=== Task material ===
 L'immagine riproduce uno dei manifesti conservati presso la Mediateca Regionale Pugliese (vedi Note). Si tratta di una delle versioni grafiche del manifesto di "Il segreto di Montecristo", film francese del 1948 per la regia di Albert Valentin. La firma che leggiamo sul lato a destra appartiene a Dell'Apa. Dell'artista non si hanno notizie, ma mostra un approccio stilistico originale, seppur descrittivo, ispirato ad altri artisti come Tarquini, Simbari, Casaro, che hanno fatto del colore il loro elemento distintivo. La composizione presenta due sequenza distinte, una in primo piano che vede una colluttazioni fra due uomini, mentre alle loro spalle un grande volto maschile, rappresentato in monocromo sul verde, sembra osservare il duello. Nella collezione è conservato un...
--
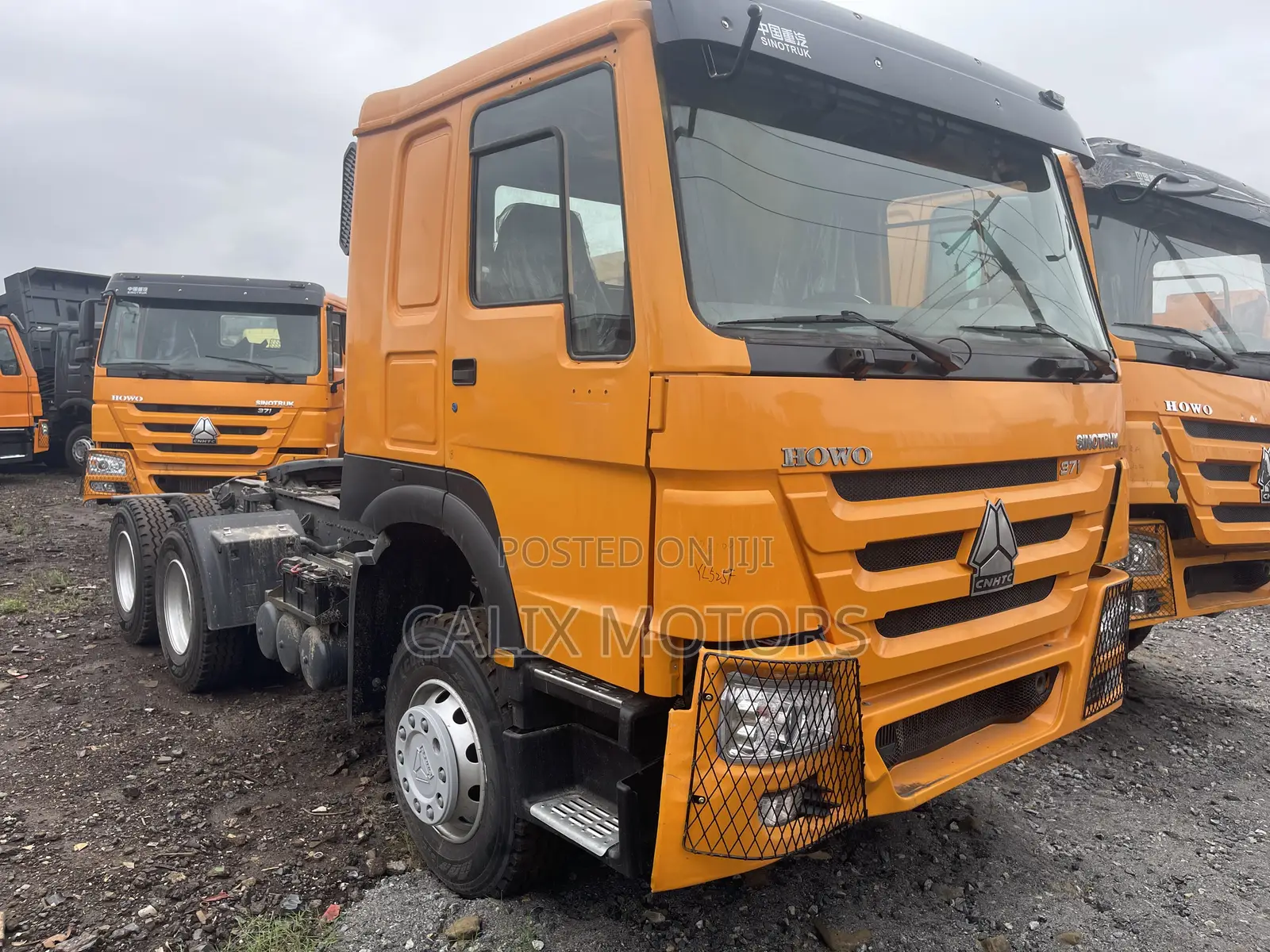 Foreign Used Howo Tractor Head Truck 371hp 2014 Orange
==
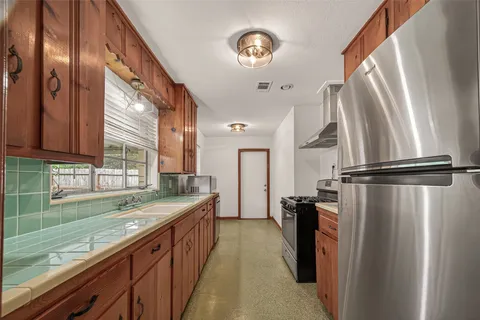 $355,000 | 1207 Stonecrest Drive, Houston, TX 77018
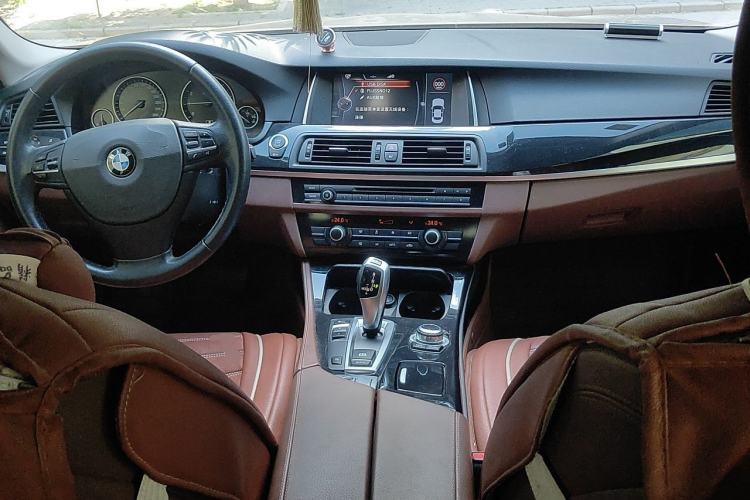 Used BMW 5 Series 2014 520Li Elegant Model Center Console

=== What the task requires ===
Take the material above from the line bearing "Houston, TX 77018" through the line bearing "Used BMW 5 Series" and write it out exactly, both end lines included. Pictures stay out.

=== Written response ===
 $355,000 | 1207 Stonecrest Drive, Houston, TX 77018
 Used BMW 5 Series 2014 520Li Elegant Model Center Console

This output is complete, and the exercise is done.